Entries supplied:

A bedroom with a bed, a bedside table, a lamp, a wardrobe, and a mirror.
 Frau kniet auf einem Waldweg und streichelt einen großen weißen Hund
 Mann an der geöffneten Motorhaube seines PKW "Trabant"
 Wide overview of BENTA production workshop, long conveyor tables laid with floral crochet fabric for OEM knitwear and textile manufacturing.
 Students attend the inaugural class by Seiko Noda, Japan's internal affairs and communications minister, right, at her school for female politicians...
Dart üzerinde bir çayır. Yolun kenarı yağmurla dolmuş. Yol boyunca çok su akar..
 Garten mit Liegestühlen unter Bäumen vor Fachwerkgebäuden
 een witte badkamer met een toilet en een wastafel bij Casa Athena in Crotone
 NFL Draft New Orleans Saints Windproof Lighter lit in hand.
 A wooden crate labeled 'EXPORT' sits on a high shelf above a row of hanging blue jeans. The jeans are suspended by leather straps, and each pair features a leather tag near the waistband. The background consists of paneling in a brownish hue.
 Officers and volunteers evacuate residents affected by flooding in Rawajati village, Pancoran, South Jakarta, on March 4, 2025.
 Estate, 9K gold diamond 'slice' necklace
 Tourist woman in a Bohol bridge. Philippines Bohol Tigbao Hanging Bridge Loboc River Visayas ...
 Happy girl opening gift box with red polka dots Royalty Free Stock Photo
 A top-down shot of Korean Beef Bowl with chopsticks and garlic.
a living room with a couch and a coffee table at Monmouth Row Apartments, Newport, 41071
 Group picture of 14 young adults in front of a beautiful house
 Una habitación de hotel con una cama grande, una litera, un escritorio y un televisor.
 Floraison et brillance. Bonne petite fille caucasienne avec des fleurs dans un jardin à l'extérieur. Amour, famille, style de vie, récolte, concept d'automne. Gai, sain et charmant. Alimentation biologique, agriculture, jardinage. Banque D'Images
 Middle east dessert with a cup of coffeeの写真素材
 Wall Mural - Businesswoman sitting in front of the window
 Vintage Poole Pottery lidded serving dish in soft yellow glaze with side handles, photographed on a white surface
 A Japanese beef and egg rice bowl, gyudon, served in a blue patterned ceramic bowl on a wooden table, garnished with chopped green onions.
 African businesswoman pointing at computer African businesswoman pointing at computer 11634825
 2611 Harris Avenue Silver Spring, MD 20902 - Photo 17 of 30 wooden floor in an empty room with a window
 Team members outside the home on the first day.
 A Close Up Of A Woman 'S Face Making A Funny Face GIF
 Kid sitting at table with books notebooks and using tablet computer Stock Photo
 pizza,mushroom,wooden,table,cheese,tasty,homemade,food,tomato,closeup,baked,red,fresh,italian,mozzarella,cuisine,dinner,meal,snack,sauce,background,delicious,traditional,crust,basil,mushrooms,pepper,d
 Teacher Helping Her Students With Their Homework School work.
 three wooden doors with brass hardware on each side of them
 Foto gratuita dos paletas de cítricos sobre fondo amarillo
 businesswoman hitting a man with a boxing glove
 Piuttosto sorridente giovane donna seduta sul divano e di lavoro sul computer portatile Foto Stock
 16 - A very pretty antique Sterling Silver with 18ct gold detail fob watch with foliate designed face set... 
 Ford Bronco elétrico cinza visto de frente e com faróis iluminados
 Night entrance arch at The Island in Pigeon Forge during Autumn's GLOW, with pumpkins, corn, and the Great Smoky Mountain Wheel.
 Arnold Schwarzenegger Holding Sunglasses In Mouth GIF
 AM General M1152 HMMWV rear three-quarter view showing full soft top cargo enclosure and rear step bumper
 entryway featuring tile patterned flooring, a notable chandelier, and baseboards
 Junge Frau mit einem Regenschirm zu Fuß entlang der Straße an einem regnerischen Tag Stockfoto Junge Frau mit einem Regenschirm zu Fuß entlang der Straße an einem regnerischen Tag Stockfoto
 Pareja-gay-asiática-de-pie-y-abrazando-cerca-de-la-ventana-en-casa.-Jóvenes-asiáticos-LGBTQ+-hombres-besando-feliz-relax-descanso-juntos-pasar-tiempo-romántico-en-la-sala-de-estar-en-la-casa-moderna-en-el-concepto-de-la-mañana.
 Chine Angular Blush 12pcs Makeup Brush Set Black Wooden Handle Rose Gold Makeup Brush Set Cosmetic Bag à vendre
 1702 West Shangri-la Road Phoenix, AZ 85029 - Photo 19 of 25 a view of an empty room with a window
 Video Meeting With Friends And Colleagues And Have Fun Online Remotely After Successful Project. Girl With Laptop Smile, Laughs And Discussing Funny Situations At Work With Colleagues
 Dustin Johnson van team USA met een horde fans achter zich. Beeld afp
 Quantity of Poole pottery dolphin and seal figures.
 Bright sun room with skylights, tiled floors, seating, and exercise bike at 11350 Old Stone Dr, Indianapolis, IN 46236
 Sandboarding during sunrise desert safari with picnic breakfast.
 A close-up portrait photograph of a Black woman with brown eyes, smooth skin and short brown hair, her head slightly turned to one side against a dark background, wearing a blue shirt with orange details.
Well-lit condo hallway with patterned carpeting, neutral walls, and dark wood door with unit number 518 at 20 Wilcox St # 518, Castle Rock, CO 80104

The task: Nothing may be left out: return each entry exactly as it reads.

Output:
A bedroom with a bed, a bedside table, a lamp, a wardrobe, and a mirror.
 Frau kniet auf einem Waldweg und streichelt einen großen weißen Hund
 Mann an der geöffneten Motorhaube seines PKW "Trabant"
 Wide overview of BENTA production workshop, long conveyor tables laid with floral crochet fabric for OEM knitwear and textile manufacturing.
 Students attend the inaugural class by Seiko Noda, Japan's internal affairs and communications minister, right, at her school for female politicians...
Dart üzerinde bir çayır. Yolun kenarı yağmurla dolmuş. Yol boyunca çok su akar..
 Garten mit Liegestühlen unter Bäumen vor Fachwerkgebäuden
 een witte badkamer met een toilet en een wastafel bij Casa Athena in Crotone
 NFL Draft New Orleans Saints Windproof Lighter lit in hand.
 A wooden crate labeled 'EXPORT' sits on a high shelf above a row of hanging blue jeans. The jeans are suspended by leather straps, and each pair features a leather tag near the waistband. The background consists of paneling in a brownish hue.
 Officers and volunteers evacuate residents affected by flooding in Rawajati village, Pancoran, South Jakarta, on March 4, 2025.
 Estate, 9K gold diamond 'slice' necklace
 Tourist woman in a Bohol bridge. Philippines Bohol Tigbao Hanging Bridge Loboc River Visayas ...
 Happy girl opening gift box with red polka dots Royalty Free Stock Photo
 A top-down shot of Korean Beef Bowl with chopsticks and garlic.
a living room with a couch and a coffee table at Monmouth Row Apartments, Newport, 41071
 Group picture of 14 young adults in front of a beautiful house
 Una habitación de hotel con una cama grande, una litera, un escritorio y un televisor.
 Floraison et brillance. Bonne petite fille caucasienne avec des fleurs dans un jardin à l'extérieur. Amour, famille, style de vie, récolte, concept d'automne. Gai, sain et charmant. Alimentation biologique, agriculture, jardinage. Banque D'Images
 Middle east dessert with a cup of coffeeの写真素材
 Wall Mural - Businesswoman sitting in front of the window
 Vintage Poole Pottery lidded serving dish in soft yellow glaze with side handles, photographed on a white surface
 A Japanese beef and egg rice bowl, gyudon, served in a blue patterned ceramic bowl on a wooden table, garnished with chopped green onions.
 African businesswoman pointing at computer African businesswoman pointing at computer 11634825
 2611 Harris Avenue Silver Spring, MD 20902 - Photo 17 of 30 wooden floor in an empty room with a window
 Team members outside the home on the first day.
 A Close Up Of A Woman 'S Face Making A Funny Face GIF
 Kid sitting at table with books notebooks and using tablet computer Stock Photo
 pizza,mushroom,wooden,table,cheese,tasty,homemade,food,tomato,closeup,baked,red,fresh,italian,mozzarella,cuisine,dinner,meal,snack,sauce,background,delicious,traditional,crust,basil,mushrooms,pepper,d
 Teacher Helping Her Students With Their Homework School work.
 three wooden doors with brass hardware on each side of them
 Foto gratuita dos paletas de cítricos sobre fondo amarillo
 businesswoman hitting a man with a boxing glove
 Piuttosto sorridente giovane donna seduta sul divano e di lavoro sul computer portatile Foto Stock
 16 - A very pretty antique Sterling Silver with 18ct gold detail fob watch with foliate designed face set... 
 Ford Bronco elétrico cinza visto de frente e com faróis iluminados
 Night entrance arch at The Island in Pigeon Forge during Autumn's GLOW, with pumpkins, corn, and the Great Smoky Mountain Wheel.
 Arnold Schwarzenegger Holding Sunglasses In Mouth GIF
 AM General M1152 HMMWV rear three-quarter view showing full soft top cargo enclosure and rear step bumper
 entryway featuring tile patterned flooring, a notable chandelier, and baseboards
 Junge Frau mit einem Regenschirm zu Fuß entlang der Straße an einem regnerischen Tag Stockfoto Junge Frau mit einem Regenschirm zu Fuß entlang der Straße an einem regnerischen Tag Stockfoto
 Pareja-gay-asiática-de-pie-y-abrazando-cerca-de-la-ventana-en-casa.-Jóvenes-asiáticos-LGBTQ+-hombres-besando-feliz-relax-descanso-juntos-pasar-tiempo-romántico-en-la-sala-de-estar-en-la-casa-moderna-en-el-concepto-de-la-mañana.
 Chine Angular Blush 12pcs Makeup Brush Set Black Wooden Handle Rose Gold Makeup Brush Set Cosmetic Bag à vendre
 1702 West Shangri-la Road Phoenix, AZ 85029 - Photo 19 of 25 a view of an empty room with a window
 Video Meeting With Friends And Colleagues And Have Fun Online Remotely After Successful Project. Girl With Laptop Smile, Laughs And Discussing Funny Situations At Work With Colleagues
 Dustin Johnson van team USA met een horde fans achter zich. Beeld afp
 Quantity of Poole pottery dolphin and seal figures.
 Bright sun room with skylights, tiled floors, seating, and exercise bike at 11350 Old Stone Dr, Indianapolis, IN 46236
 Sandboarding during sunrise desert safari with picnic breakfast.
 A close-up portrait photograph of a Black woman with brown eyes, smooth skin and short brown hair, her head slightly turned to one side against a dark background, wearing a blue shirt with orange details.
Well-lit condo hallway with patterned carpeting, neutral walls, and dark wood door with unit number 518 at 20 Wilcox St # 518, Castle Rock, CO 80104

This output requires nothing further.